Tell the kids who live in the bedroom upstairs about me. And tell them to envision me in that big kitchen window where so many meals have been served before the family would come out to stack hay in my loft and feed the horses Champ and Winter. Those boys earned their weight in Gold and it was my great honor to give them shelter and warmth after they had served all of you. It was quite a century. Tell Elizabeth and Robert that built me thank you. When they left I thought I was going to falter and collapse but the Colonel was so wondrous to know. His stories of the “Great War” and the great cities of Europe strengthened me and carried me all those many years. He was a great man to serve and provide for and his family was wonderful to me.

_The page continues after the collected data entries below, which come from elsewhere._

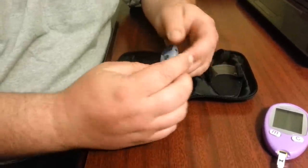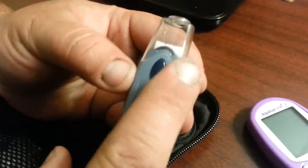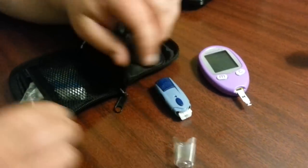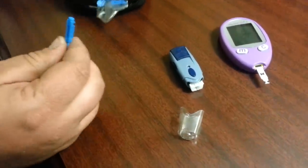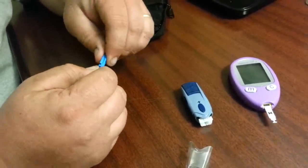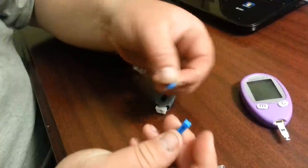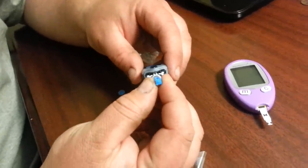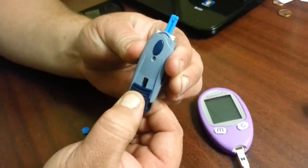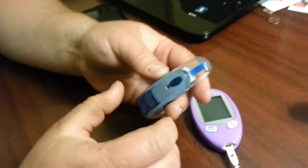Now the machine for the lancet — you'll notice on the front of it there's some numbers. The numbers simply tell you how far it's going to send out. We have it on four for the maximum punch. You open up this little cover here and take the lancet out. You take off the cap which exposes the lancet, put it down in the hole, then pull back here to cock it — you'll hear a clicking sound. Then put the cover over the top of it.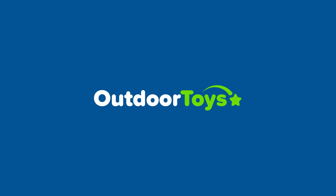Thank you for watching this tutorial, I hope you found it helpful. If you are still unsure how to complete this task, please get in touch with our technical team at info@outdoortoys.com.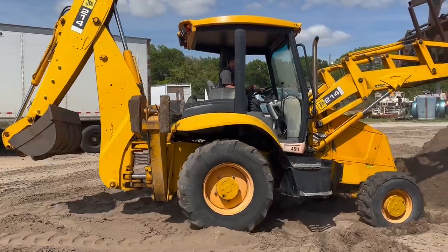There you go — JCB 214 backhoe. Four wheel drive, extended hoe, four-in-one split bucket, flip-over forks come with it. It's got two rear backhoe buckets — a clean-out bucket and a 24-inch digging bucket — and it's got pilot controls as well. Nice county-owned machine.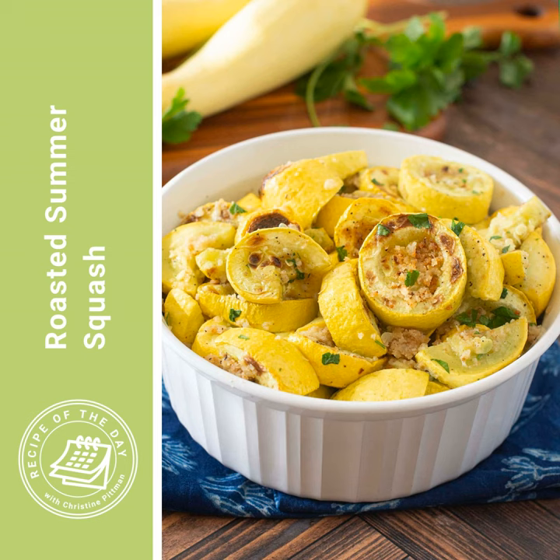Put those slices of squash into a large bowl with one tablespoon of olive oil, a quarter teaspoon of salt, and an eighth of a teaspoon of black pepper. Give them a good toss, then arrange them in a single layer on a large baking sheet. Make sure they're all flat or sliced side up, because that's where you want the most browning — not skin side up. Tip them all over so they're like that.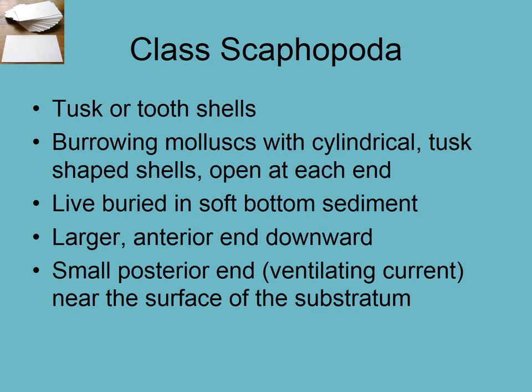Moving on to class Scaphopoda — we're finished with bivalves. It may have seemed like a cursory treatment, but pretty much every bivalve from a scallop to an oyster is doing the same thing: filtering water with its lamellibranchs gills, acting as an important environmental scrubber taking particulate matter out of the water column. The tusk or tooth shells — scaphopods — are named because they look very similar to an elephant tusk or a boar's tusk.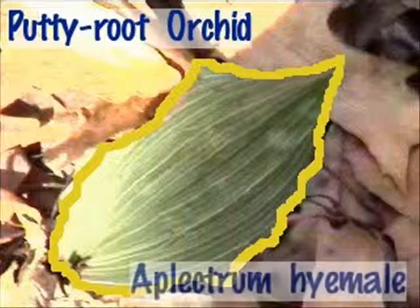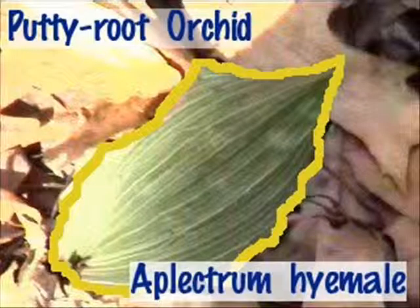Adam and Eve and putty root are two of the common names for Aplectrum hyemale. The generic name Aplectrum comes from the Latin 'a' for without and 'plectron' for spur, meaning that the flowers have no spurs.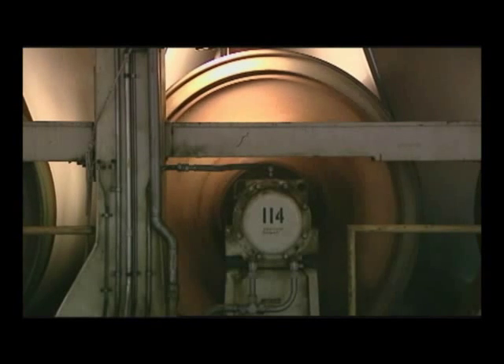The semi-dry paper sheet is then run through a series of fast-moving heated dryer rollers to remove the remaining water.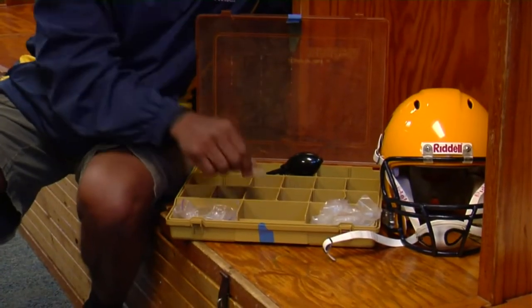I'm Coach Dave Owens with Wheeler Football. We're going to talk about how to repair a football helmet. First of all, the one thing is you must have a kit at all times, either on the practice field or the game field. And that kit contains many things.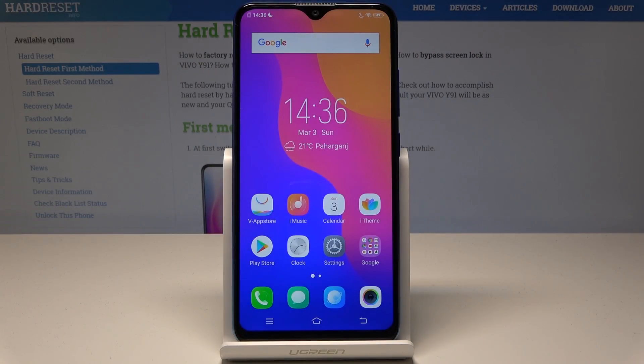Here I have Vivo Y91. Let me show you how to add fingerprint protection on this device.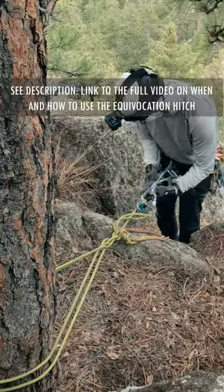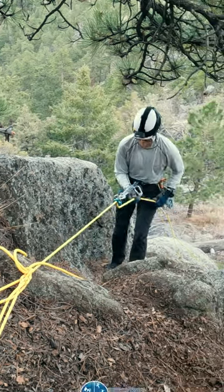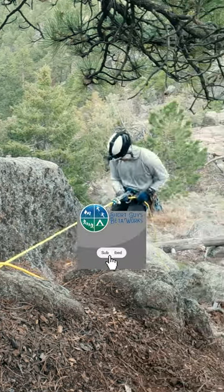But why would we want to do this? The Equivocation Hitch isn't just a rope trick. Let's discuss how and why we might want to use it to set a rappel.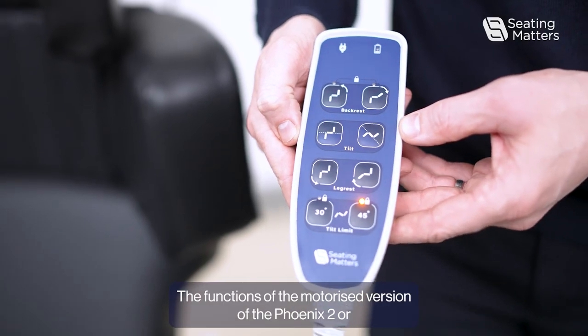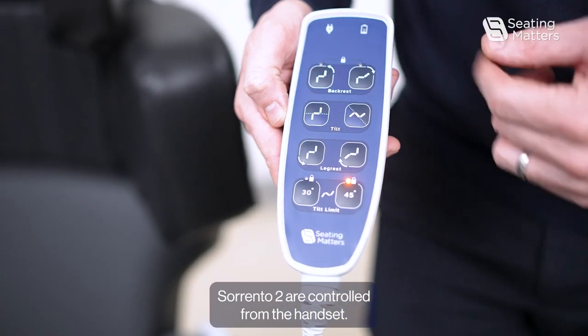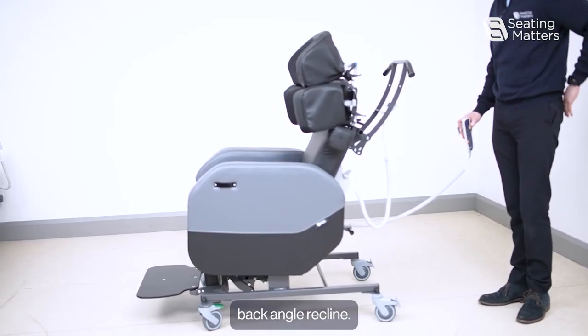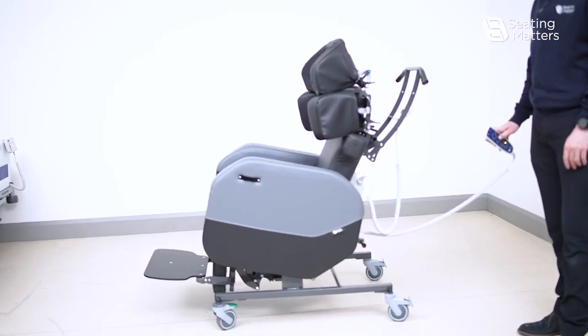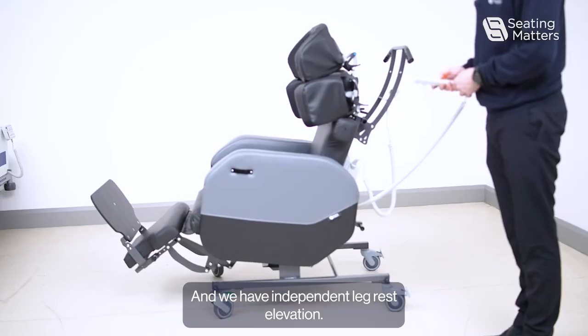The functions of the motorized version of the Fenix 2 or Sorrento 2 are controlled from the handset. On the handset we have independent back angle recline, we have independent tilt in space, and we have independent leg rest elevation.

I will miss the kids playing in my loft and the hay hook and pulley and tackle that creeked and moaned as the huge stacks of Hay made their way in through the gable end door onto the deck. Those sunbeams filled with dust and heat that came in through the knot holes were tiny glimpses of God to me. And the roosters and crows and sparrows; the mice and rats and Squirrels, all the bugs and spiders and flies caught up in an eternal dance of life and death. I will miss all of it. But most of all I will miss you …home of homes. The place that gave me purpose and life and friendship. Most of all I am going to miss you my friend.
Now in the final days of my life I am encouraged and strengthened to know my wood and doors are finding new life in not just one but many homes. I will tell them all of you and these Days of Days we had. Days I wish never had to end. Thank you my friend. In the end we are all dust and for me I know we will all be mingled together soon enough. You carry on and so shall I. Adieu- and goodbye.”